WORK INSTRUCTIONS:
Retype the whole of the data exactly.

DATASET SECTION:
-=-=-=-=-
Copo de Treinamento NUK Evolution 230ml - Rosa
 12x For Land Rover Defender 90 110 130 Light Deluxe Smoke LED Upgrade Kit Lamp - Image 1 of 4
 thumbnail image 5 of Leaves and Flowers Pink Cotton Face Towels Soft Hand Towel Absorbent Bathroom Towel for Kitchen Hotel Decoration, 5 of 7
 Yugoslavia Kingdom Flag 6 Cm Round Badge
-=-=-=-=-
ANSWER BOX:
Copo de Treinamento NUK Evolution 230ml - Rosa
 12x For Land Rover Defender 90 110 130 Light Deluxe Smoke LED Upgrade Kit Lamp - Image 1 of 4
 thumbnail image 5 of Leaves and Flowers Pink Cotton Face Towels Soft Hand Towel Absorbent Bathroom Towel for Kitchen Hotel Decoration, 5 of 7
 Yugoslavia Kingdom Flag 6 Cm Round Badge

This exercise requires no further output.